Please always respond to all, so that it goes to the mailing list too,
not just to me directly. I'll respond to the list this time, but it
makes the thread harder to follow.

On 1/4/25 12:11, Jan Kort wrote:
> Hi Tomas,
>
> You are right that without the index it does produce the correct result
> (0 records), but how do I uncorrupt the index? I tried the following:
>
> * Dropping and recreating the 2 indexes in the explain
> * Dropping and recreating all indexes on the the 2 tables
> * Vacuum analyze advies_type
> * Vacuum analyze advies_hoofd
>
> But it still produces the wrong result (1 record)
>

To "uncorrupt" the index is to rebuild/reindex it.

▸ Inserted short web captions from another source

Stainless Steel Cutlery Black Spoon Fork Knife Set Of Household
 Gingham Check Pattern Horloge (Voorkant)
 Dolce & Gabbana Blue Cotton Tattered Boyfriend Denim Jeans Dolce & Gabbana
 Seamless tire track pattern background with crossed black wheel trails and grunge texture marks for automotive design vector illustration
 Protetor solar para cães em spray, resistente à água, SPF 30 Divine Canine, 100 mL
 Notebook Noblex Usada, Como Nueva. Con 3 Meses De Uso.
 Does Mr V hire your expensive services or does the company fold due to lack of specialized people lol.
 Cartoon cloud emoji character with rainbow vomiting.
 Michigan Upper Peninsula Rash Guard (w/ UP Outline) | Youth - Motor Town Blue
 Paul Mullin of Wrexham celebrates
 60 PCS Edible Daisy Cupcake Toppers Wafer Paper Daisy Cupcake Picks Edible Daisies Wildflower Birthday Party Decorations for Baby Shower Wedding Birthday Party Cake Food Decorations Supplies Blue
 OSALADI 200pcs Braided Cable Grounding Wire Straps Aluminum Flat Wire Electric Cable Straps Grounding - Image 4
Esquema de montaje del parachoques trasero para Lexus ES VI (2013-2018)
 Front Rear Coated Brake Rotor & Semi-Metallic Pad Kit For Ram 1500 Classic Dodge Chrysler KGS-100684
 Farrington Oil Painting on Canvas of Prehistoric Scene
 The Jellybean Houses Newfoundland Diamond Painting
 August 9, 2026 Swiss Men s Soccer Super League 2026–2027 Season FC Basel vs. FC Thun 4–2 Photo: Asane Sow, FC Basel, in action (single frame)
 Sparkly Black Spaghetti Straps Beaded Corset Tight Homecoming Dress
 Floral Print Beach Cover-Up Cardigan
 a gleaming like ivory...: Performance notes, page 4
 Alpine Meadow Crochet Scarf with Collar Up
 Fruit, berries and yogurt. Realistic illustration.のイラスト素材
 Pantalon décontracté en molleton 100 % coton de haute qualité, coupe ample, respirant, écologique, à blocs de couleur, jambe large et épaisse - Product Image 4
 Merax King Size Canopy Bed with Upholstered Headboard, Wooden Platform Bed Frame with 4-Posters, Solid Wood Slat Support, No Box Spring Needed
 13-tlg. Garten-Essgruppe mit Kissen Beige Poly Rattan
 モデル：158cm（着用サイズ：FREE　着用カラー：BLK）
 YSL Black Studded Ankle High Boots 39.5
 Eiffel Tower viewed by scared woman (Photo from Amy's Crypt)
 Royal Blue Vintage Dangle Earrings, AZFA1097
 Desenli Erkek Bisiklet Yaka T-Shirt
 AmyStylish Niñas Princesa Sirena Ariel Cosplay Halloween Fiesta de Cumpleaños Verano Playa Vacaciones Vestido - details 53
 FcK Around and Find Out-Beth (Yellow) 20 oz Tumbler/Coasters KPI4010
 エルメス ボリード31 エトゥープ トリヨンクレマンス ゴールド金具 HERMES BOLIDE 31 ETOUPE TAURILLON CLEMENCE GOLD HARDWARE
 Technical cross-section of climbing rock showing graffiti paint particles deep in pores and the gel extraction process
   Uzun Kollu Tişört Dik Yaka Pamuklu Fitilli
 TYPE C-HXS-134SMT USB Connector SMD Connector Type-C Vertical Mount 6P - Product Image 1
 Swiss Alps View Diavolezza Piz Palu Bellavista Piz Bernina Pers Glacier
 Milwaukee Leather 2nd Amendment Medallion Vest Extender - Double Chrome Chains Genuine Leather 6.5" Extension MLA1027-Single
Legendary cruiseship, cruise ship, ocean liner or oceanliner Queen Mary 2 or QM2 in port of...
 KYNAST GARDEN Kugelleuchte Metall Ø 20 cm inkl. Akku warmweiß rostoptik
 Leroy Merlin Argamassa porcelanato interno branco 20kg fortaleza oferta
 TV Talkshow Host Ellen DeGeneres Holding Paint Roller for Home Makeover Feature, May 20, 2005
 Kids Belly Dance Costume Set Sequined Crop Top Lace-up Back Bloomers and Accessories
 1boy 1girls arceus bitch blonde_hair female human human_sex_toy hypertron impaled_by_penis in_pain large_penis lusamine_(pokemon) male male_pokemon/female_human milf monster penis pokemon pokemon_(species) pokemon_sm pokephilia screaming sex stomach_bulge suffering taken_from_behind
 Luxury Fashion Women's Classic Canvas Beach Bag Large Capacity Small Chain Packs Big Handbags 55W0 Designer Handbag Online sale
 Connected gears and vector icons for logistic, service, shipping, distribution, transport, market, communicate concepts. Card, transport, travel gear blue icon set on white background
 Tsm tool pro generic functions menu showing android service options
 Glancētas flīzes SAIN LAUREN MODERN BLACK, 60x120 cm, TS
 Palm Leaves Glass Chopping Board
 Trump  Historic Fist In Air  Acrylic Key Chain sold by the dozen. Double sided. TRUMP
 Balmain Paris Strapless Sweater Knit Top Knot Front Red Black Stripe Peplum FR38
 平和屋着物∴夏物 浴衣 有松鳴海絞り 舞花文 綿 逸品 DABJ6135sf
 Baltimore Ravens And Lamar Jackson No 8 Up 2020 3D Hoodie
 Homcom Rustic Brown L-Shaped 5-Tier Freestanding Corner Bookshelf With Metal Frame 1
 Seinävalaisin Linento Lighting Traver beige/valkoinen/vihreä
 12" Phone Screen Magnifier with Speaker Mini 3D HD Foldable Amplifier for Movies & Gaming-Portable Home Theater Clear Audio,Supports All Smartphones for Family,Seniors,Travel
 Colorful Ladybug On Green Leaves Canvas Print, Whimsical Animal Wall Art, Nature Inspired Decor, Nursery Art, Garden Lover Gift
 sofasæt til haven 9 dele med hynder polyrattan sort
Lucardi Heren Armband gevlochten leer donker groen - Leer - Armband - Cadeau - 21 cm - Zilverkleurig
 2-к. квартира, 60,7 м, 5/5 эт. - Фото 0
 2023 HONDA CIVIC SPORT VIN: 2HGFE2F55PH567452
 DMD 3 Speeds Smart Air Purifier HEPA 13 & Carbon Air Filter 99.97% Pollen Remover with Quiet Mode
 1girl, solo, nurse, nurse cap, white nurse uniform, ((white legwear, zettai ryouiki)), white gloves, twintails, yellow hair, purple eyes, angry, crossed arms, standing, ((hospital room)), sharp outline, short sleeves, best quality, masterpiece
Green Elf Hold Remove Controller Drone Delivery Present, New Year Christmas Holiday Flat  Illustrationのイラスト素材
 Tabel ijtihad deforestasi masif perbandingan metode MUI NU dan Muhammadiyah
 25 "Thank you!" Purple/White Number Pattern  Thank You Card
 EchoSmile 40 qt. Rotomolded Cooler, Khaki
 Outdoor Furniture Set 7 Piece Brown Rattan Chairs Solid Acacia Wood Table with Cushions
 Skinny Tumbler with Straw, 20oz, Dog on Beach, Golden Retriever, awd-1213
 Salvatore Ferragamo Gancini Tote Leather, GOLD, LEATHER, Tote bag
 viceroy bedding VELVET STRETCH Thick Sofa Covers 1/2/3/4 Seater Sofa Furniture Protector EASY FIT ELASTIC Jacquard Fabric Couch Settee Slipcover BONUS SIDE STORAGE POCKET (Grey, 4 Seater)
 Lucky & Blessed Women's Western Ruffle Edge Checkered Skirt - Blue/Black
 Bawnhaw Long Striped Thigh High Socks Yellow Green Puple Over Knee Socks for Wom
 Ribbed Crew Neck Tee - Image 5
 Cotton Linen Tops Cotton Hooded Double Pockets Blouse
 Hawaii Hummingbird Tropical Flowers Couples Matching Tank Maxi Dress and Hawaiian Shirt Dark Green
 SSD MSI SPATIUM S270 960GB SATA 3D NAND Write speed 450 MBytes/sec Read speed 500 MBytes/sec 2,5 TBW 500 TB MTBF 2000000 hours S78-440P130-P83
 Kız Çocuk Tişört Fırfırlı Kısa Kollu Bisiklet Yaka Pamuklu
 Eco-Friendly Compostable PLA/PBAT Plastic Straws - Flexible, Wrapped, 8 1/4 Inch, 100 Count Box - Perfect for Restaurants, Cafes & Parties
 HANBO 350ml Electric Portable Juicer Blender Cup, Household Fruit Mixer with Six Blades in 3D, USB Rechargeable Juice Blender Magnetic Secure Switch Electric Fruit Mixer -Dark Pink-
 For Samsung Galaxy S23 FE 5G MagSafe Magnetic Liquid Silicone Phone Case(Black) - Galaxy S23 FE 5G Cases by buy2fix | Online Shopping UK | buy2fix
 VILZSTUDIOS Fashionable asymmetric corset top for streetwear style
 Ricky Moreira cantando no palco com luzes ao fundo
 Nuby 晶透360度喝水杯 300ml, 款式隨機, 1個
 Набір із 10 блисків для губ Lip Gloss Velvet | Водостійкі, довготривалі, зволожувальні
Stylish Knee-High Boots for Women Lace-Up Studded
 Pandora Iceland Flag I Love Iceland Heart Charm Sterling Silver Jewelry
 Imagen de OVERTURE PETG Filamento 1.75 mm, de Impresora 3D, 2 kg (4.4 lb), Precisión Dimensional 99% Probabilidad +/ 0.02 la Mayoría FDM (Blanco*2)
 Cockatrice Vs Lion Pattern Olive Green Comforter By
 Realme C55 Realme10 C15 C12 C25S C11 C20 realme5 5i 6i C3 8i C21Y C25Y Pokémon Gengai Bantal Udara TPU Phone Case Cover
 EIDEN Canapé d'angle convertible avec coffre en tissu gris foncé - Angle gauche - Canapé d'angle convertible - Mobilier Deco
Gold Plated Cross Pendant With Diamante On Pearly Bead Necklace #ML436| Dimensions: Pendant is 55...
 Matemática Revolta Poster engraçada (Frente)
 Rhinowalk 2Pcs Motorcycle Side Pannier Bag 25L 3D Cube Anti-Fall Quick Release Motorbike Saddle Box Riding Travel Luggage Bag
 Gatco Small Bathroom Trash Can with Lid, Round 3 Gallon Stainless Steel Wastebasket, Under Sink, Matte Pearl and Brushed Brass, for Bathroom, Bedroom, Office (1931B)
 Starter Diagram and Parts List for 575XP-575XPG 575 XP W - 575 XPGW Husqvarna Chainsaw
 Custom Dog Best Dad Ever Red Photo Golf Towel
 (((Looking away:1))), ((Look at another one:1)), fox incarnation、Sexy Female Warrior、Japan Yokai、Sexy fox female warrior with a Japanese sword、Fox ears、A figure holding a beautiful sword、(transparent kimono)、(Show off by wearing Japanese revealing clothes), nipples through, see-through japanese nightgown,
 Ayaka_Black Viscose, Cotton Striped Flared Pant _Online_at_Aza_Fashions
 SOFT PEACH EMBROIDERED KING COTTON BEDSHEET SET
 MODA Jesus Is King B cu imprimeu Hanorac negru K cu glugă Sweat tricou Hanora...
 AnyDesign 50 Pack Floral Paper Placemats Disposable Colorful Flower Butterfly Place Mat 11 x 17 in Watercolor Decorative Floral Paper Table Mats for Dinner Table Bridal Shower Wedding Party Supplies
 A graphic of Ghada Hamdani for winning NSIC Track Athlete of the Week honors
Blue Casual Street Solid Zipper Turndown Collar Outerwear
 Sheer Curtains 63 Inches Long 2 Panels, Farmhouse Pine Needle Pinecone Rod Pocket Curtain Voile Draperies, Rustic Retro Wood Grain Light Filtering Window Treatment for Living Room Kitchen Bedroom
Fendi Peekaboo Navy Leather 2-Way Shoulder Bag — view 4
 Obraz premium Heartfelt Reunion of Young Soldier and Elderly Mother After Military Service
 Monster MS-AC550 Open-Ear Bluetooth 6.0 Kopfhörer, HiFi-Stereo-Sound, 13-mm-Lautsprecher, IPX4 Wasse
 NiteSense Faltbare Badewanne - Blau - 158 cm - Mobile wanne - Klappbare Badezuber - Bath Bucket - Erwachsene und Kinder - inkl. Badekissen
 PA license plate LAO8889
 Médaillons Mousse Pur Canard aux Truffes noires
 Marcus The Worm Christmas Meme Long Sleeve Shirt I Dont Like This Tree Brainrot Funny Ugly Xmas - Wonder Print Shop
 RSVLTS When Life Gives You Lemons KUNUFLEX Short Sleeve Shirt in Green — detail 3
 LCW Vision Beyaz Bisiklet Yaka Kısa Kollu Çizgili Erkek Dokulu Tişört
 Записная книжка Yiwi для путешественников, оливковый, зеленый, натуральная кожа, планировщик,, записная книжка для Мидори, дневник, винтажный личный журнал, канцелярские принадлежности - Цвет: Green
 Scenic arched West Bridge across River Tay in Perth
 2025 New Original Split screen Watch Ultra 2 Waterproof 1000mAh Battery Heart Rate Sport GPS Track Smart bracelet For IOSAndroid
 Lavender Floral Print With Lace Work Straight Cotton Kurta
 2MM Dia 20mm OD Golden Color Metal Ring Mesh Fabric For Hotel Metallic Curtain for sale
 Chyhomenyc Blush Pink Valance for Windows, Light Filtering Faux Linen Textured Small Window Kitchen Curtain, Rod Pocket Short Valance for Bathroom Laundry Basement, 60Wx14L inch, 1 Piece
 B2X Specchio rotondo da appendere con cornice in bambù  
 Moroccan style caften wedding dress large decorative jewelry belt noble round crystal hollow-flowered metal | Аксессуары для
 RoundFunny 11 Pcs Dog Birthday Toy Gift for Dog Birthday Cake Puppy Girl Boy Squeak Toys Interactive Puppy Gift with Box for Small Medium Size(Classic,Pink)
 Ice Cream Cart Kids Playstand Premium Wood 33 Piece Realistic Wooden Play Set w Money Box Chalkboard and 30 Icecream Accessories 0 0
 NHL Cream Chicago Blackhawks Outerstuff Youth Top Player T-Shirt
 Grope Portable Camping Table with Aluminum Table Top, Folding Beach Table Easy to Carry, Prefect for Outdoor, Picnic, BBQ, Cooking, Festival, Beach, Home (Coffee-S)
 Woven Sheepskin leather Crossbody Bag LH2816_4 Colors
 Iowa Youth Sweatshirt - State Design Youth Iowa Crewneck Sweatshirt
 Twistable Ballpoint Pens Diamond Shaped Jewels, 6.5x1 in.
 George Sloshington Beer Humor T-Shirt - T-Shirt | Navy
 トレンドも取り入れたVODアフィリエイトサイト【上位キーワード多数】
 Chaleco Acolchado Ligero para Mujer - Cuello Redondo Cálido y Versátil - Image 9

But you already did
that and it didn't help, so it seems more like a bug in Postgres than a
data corruption.

> The explain of the query on the malfunctioning database is:
>
> HashSetOp Except (cost=0.14..29.91 rows=9 width=364)
> -> Append (cost=0.14..29.13 rows=24 width=364)
> -> Subquery Scan on "*SELECT* 1" (cost=0.14..26.62 rows=9
> width=149)
> -> Index Scan using advies_typeo12 on advies_type
> (cost=0.14..26.53 rows=9 width=145)
> Index Cond: ((conditional)::text = 'N'::text)
> Filter: ((owners_id = ANY ('{1,32,25}'::integer[]))
> AND (NOT (SubPlan 1)))
> SubPlan 1
> -> Index Scan using advies_hoofdo16 on
> advies_hoofd advies_hoofd_1 (cost=0.15..2.37 rows=1 width=4)
> Index Cond: (advies_type = advies_type.id
> <http://advies_type.id>)
> Filter: (owners_id = ANY
> ('{1,32,25}'::integer[]))
> -> Subquery Scan on "*SELECT* 2" (cost=1.86..2.39 rows=15
> width=149)
> -> Merge Right Anti Join (cost=1.86..2.24 rows=15
width=145)
> Merge Cond: (advies_hoofd.advies_type =
> advies_type_1.id <http://advies_type_1.id>)
> -> Index Scan using advies_hoofdo16 on advies_hoofd
> (cost=0.15..18.01 rows=293 width=4)
> Filter: (owners_id = ANY
('{1,32,25}'::integer[]))
> -> Sort (cost=1.72..1.76 rows=18 width=145)
> Sort Key: advies_type_1.id <http://
> advies_type_1.id>
> -> Seq Scan on advies_type advies_type_1
> (cost=0.00..1.34 rows=18 width=145)
> Filter: (((conditional)::text =
> 'N'::text) AND (owners_id = ANY ('{1,32,25}'::integer[])))
>
> On the working database it says:
>
> HashSetOp Except (cost=0.00..17.03 rows=9 width=364)
> -> Append (cost=0.00..16.19 rows=26 width=364)
> -> Subquery Scan on "*SELECT* 1" (cost=0.00..13.20 rows=9
> width=149)
> -> Seq Scan on advies_type (cost=0.00..13.11 rows=9
> width=145)
> Filter: (((conditional)::text = 'N'::text) AND
> (owners_id = ANY ('{1,32,25}'::integer[])) AND (NOT (SubPlan 1)))
> SubPlan 1
> -> Seq Scan on advies_hoofd advies_hoofd_1
> (cost=0.00..1.11 rows=1 width=4)
> Filter: ((advies_type = advies_type.id
> <http://advies_type.id>) AND (owners_id = ANY ('{1,32,25}'::integer[])))
> -> Subquery Scan on "*SELECT* 2" (cost=1.57..2.85 rows=17
> width=149)
> -> Hash Right Anti Join (cost=1.57..2.68 rows=17
width=145)
> Hash Cond: (advies_hoofd.advies_type =
> advies_type_1.id <http://advies_type_1.id>)
> -> Seq Scan on advies_hoofd (cost=0.00..1.10
> rows=7 width=4)
> Filter: (owners_id = ANY
('{1,32,25}'::integer[]))
> -> Hash (cost=1.34..1.34 rows=18 width=145)
> -> Seq Scan on advies_type advies_type_1
> (cost=0.00..1.34 rows=18 width=145)
> Filter: (((conditional)::text =
> 'N'::text) AND (owners_id = ANY ('{1,32,25}'::integer[])))
>
> So they are quite different, that gave me an idea why my local database
> wasn't malfunctioning. I inserted 500 dummy records into advies_hoofd
> (without a reference to advies_type).
>
Right. And the "broken" query used an index scan, while the working one
does not. So that's another hint it's some thinko in using the index.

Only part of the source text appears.